A mí me llama la Provincia, cuando Johan Reindhart presenta los proyectos para trabajar tres montañas: El Chañi, el Quéhuar y el Llullaillaco. El proyecto consistía en revisar estas cumbres y, si presentaban evidencias de huaqueo, se iba a realizar las acciones de rescate correspondientes. Hasta ahí estaba de acuerdo: es una tarea difícil y hubiera sido muy loable su propósito.
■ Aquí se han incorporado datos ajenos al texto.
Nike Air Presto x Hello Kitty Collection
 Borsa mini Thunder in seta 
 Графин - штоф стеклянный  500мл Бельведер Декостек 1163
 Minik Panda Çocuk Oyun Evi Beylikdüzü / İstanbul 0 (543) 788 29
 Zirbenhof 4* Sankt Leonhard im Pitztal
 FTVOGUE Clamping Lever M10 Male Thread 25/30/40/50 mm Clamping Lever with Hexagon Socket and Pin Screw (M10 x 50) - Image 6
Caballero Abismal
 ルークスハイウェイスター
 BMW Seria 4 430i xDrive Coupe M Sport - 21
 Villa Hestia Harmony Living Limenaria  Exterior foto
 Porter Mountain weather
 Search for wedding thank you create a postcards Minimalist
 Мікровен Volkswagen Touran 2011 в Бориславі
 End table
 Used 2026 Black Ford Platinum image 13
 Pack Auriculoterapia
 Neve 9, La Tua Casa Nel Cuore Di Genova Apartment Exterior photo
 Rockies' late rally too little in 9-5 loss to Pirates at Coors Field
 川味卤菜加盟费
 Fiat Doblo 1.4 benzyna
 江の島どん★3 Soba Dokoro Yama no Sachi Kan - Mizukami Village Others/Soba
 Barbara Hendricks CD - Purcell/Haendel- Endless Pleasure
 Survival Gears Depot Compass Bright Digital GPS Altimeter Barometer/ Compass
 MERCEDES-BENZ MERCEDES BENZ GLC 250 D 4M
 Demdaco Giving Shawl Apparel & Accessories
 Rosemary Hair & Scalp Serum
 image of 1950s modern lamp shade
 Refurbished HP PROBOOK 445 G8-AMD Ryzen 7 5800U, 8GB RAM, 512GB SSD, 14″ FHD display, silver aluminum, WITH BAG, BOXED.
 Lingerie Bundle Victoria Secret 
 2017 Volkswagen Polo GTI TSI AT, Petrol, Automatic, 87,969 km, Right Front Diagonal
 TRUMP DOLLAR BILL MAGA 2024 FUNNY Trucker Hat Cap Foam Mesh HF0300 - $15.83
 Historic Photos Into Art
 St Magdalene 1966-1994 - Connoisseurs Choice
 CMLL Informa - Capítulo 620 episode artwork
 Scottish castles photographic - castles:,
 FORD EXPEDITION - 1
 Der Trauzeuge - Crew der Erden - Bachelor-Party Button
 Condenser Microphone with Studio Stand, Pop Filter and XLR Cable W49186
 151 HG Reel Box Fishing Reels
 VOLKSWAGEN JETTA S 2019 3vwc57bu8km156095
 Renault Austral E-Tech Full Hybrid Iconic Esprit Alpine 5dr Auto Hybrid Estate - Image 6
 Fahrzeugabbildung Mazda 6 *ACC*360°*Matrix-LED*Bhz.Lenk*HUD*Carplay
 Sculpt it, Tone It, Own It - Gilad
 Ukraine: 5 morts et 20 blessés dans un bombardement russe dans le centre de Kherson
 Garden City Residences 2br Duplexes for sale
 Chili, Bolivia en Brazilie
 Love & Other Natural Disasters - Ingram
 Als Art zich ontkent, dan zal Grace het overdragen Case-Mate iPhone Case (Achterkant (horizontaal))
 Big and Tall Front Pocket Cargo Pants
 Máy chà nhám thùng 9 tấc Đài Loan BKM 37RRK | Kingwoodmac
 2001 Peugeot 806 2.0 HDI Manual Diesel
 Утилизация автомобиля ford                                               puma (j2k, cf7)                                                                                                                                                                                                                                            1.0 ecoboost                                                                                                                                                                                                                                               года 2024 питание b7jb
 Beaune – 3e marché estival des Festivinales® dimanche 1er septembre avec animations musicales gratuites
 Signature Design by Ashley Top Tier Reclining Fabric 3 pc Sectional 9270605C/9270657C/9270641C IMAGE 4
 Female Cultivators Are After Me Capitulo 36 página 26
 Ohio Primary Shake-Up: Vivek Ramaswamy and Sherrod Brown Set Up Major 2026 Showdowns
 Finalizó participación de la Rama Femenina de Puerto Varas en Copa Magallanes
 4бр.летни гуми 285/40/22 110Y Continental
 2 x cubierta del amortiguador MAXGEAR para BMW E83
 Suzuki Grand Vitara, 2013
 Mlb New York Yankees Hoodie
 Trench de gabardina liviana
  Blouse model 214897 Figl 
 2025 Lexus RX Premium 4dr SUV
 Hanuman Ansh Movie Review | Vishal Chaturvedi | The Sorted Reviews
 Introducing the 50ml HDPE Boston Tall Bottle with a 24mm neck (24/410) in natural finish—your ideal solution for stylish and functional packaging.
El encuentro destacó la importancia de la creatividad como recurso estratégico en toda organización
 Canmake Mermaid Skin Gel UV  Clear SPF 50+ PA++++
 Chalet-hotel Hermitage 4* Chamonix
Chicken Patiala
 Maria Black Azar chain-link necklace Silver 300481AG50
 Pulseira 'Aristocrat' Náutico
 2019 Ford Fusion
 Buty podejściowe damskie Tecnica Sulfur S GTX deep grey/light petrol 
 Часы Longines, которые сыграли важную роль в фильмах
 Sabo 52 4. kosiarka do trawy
Se llegó primero a la cumbre del Quéhuar y estaba dinamitada desde hacía más de veinte años. Alguien fue buscando tesoros y no tuvo mejor idea que sacarlo con cartuchos de dinamita, esa fue la actitud del buscador. En esa circunstancia se hizo el rescate, yo estuve muy de acuerdo: todo estaba muy frágil y se iba a perder en cualquier momento. Encontramos las ofrendas, papel de cigarrillo, cartuchos y sacamos el cuerpo de una nena de ocho años, a la que le faltaban los hombros, el cuello y la cabeza. Retiramos lo hallado y lo bajamos, era verdaderamente un rescate desde cualquier perspectiva: a partir de eso podíamos hacer muchos trabajos científicos.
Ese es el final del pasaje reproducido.